··· Dataset excerpts

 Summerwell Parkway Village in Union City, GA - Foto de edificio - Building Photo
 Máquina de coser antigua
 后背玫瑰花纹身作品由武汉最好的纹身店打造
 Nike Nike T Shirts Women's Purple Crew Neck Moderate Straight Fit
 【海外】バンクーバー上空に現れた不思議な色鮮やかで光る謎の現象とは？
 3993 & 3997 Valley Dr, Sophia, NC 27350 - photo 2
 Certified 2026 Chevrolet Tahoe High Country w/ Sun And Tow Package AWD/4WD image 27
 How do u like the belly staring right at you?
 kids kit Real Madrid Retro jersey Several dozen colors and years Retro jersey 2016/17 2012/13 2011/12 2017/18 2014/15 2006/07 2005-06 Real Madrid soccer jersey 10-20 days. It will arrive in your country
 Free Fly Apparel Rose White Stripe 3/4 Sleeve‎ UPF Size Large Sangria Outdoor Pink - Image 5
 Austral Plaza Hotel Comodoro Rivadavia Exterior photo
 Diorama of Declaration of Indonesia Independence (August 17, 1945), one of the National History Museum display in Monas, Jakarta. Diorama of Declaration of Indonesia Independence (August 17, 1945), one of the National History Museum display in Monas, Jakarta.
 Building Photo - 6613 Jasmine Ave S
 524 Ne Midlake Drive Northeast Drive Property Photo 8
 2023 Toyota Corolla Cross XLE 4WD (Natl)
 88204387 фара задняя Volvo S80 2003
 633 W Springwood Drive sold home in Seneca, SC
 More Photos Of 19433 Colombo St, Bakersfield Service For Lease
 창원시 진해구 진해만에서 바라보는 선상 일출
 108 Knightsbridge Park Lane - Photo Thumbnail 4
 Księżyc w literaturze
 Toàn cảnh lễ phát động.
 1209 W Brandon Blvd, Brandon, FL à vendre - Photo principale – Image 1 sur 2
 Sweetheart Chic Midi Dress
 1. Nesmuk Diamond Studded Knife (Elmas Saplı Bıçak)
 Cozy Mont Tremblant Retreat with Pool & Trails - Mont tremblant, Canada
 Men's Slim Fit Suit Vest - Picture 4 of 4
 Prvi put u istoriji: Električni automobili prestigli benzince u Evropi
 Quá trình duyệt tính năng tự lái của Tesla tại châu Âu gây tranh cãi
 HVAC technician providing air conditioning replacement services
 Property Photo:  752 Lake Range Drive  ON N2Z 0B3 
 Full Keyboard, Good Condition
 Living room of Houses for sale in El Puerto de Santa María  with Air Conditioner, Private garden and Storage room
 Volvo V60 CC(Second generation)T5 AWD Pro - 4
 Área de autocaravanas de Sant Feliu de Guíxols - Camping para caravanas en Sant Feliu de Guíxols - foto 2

······

#### Task goal
Print nothing but the lines from the line with "752 Lake Range" to the last line of the records above. Both of those lines count.

#### Answer for this exercise
 Property Photo:  752 Lake Range Drive  ON N2Z 0B3 
 Full Keyboard, Good Condition
 Living room of Houses for sale in El Puerto de Santa María  with Air Conditioner, Private garden and Storage room
 Volvo V60 CC(Second generation)T5 AWD Pro - 4
 Área de autocaravanas de Sant Feliu de Guíxols - Camping para caravanas en Sant Feliu de Guíxols - foto 2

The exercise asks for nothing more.